Slow Progress to creating a safe workplace for women

Context: 

The recent case of allegations of sexual harassment that some of India’s wrestling sportswomen are said to have faced had to sit in protest in the capital to make themselves heard.  

Related Steps:

  • The Vishaka guidelines and POSH Act, 2013: It has evolved into the Sexual Harassment of Women at Workplace (Prevention, Prohibition and Redressal) Act of 2013.
  • The guidelines on reporting harassment of women are meant to be followed by government and private institutions equally. 
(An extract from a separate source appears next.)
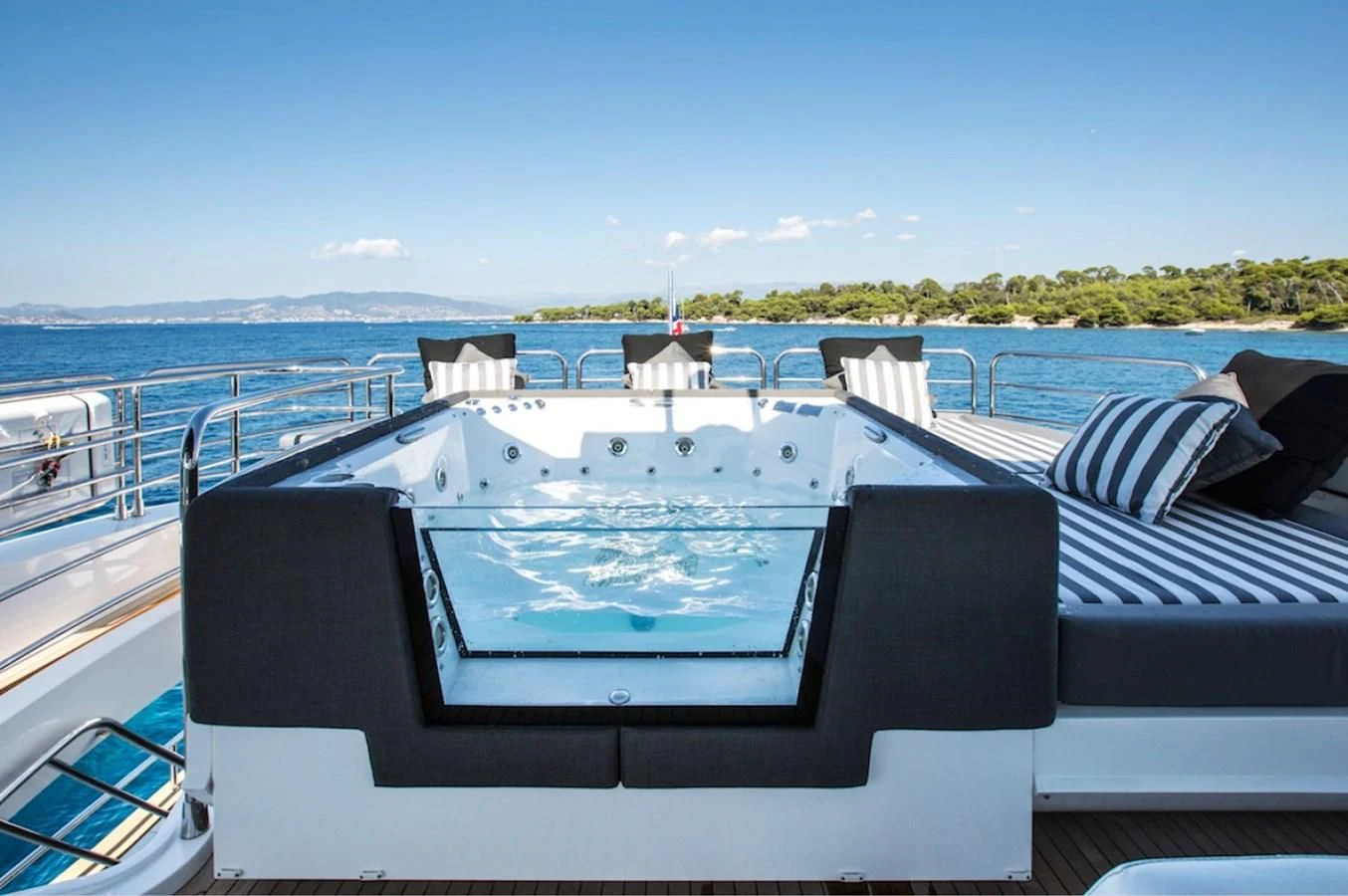 a large white boat on a body of water aboard GELATO Yacht for Sale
Issues: Structural violence, data on workforce:

  • Structural: Violence, in the form of sexual harassment at the workplace, is both direct and structural. 
  • Environment: While an enabling environment for reporting direct violence has shown a gradual improvement, indirect violence remains poorly addressed because it is embedded deep in our social and economic structures.
  • Patriarchal mindset: This mindset enabled men to feel entitled and empowered to take undue advantage.
  • Data: The Periodic Labour Force Survey (PLFS) annual report available for 2020-21 shows that though the participation of women in the total labour force grew, i.e., Labour Force Participation Rate (LFPR) has gradually increased and the Worker Population Ratio (WPR) has gradually increased too, but it is still much less when compared to men.

LFPR & WPR:

  • LFPR is defined as the percentage of persons in the labour force among the persons in population (i.e., both employed and unemployed or seeking employment), WPR is the percentage of persons employed among the persons in population.

Steps needed to be taken: Start early, and at home:

  • Environment: The presence of an enabling and safe working environment. 
  • Complain & redressal: Women need to be aware about the complain mechanism of sexual harassment and the redressal mechanism should be unbiased and effective. 
  • Job security: Need to provide job security by increasing the female participation in the labour force, improvement of tooth-to-tail ratio, and providing incentives to prevent drop-outs such as paid maternity leave.
  • Mindset: Need to develop a mindset of equality towards all, genders at an early stage of character formation during childhood.
  • Both nature and nurture: Both genetics and the environment affect an individual’s development, hence the mindset and environmental effects need to be positive to attain desired goal.
  • Home environment & learning: Both parents respect each other and treat their girl and boy child on a par in all respects, they grow up learning this equality as a normal phenomenon, which may lead to the development of positive behavior.

Conclusion: 

Unless society as a whole works incessantly to bring about the required changes in the existing socio-cultural and economic structures to eliminate indirect violence, root and branch, the status quo may not change.